** THE TASK **
The result should be a verbatim copy of the whole listing.

** DATA SECTION **
****************

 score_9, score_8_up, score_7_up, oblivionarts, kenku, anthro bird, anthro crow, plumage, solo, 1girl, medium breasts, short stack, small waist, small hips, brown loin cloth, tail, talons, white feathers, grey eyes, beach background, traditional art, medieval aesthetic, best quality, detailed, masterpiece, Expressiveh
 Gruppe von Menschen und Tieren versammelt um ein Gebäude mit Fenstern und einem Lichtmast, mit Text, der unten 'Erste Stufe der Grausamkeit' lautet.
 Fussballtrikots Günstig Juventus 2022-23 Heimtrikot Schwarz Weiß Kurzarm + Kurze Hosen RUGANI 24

****************

** ANSWER AREA **
 score_9, score_8_up, score_7_up, oblivionarts, kenku, anthro bird, anthro crow, plumage, solo, 1girl, medium breasts, short stack, small waist, small hips, brown loin cloth, tail, talons, white feathers, grey eyes, beach background, traditional art, medieval aesthetic, best quality, detailed, masterpiece, Expressiveh
 Gruppe von Menschen und Tieren versammelt um ein Gebäude mit Fenstern und einem Lichtmast, mit Text, der unten 'Erste Stufe der Grausamkeit' lautet.
 Fussballtrikots Günstig Juventus 2022-23 Heimtrikot Schwarz Weiß Kurzarm + Kurze Hosen RUGANI 24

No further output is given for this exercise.